> **EXERCISE**
Copy the data that follows exactly. Include no pictures.

> **GIVEN MATERIAL**
========
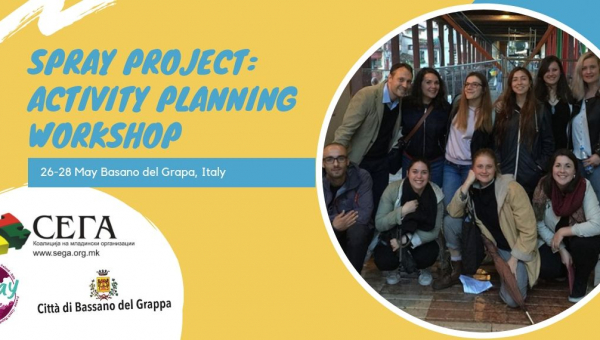 SPRAY Project: Activity Planning Workshop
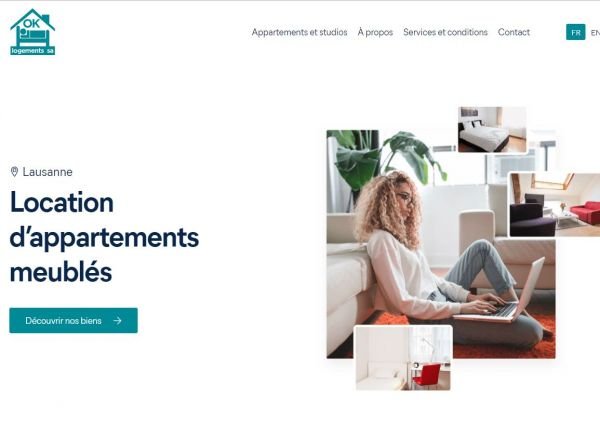 OK LOGEMENTS - Agence immobilière à Lausanne VD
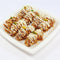 Olive Mithai Badam Baked Gujiya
========
> **EXERCISE RESPONSE**
 SPRAY Project: Activity Planning Workshop
 OK LOGEMENTS - Agence immobilière à Lausanne VD
 Olive Mithai Badam Baked Gujiya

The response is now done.